Which brings me to where I’ve been spending my time in Linux
today. As much as I appreciate the more familiar environment of Ubuntu, it is
also a bit bland now. It’s the “safe” option. The easy option. Kubuntu and
Xubuntu are options but for some reason KDE has just never been particularly
appealing to me and XFCE feels more like I stepped back to Ubuntu 7 and 8 all
those years ago. Great on older hardware but when I don’t have older hardware,
it just feels hampered by it. Mint has quickly become a favorite of mine, specifically
with Cinnamon. It looks great and feels great running it. I simply like it a
lot and it’s currently what I have installed beside Windows on my Blade. But,
as with any interests of mine, I’ve been going deeper. I’ve tried both openSUSE
and Fedora via virtual machines and found them well polished but I also found
myself wanting a lot of the built in experiences I found with Debian and Ubuntu
based distros, like DEB packages and apt.
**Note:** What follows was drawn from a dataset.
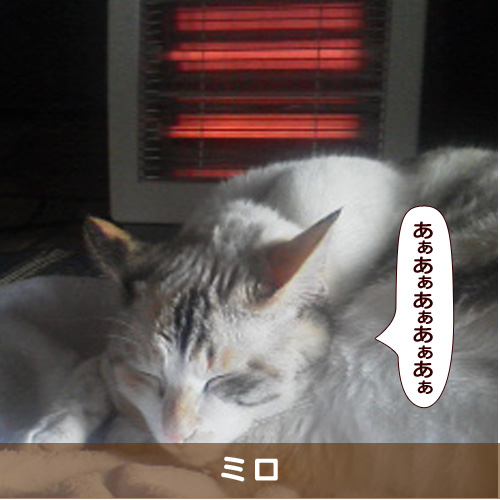 20180321_touko.jpg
And if I’m going to just install
those anyway, why deal with YAST or what have you in addition to them? Just cut
out the fat and go straight for an Ubuntu based distro to get those and built-in
access to the Ubuntu repositories.
So, that brought me to my current VM test environment of MX
Linux. Ubuntu-based, stable, and most interesting to me, a variant that is
built around Fluxbox. To make an addendum to my experiences prior, I had
tinkered with different WMs and DEs all those years ago. I tried the usual, KDE,
XFCE, Gnome, but I also tested out some more esoteric options, like Openbox and
BlackBox. And when I found out that Fluxbox is still in development and is a
fork of those older designs I knew I had to try it. I was one of those truly bizarre
people in that I had tested the BlackBox port on Windows and had liked
it as a shell replacement for Explorer! It simply clicked with me. I loved
being able to do anything from a right-click on the desktop. And it had been over
15 years since I last tried any of those *box environments so I figured I may
as well test to see just how much was genuinely good and how much was nostalgia
glasses providing a far rosier picture than reality.
So far, I’ve been pleasantly surprised at how intuitive it
is and how well it has been working for me. I wouldn’t recommend it for most
users but for people who are familiar with that style of window management it does
work well. That said, switching window managers with Linux is as easy as
logging out and logging back in so trying it at least is quite simple. I
believe other managers are more friendly to people coming from MacOS or Windows
and there are a plethora of options that are similar to both of those as well.
I figure I’ll end up writing more about this but mostly I want to applaud all
of the people who have been contributing to the desktop Linux experience
because every release is more polished than the last and I love seeing it
become an easier choice to recommend to current Windows users.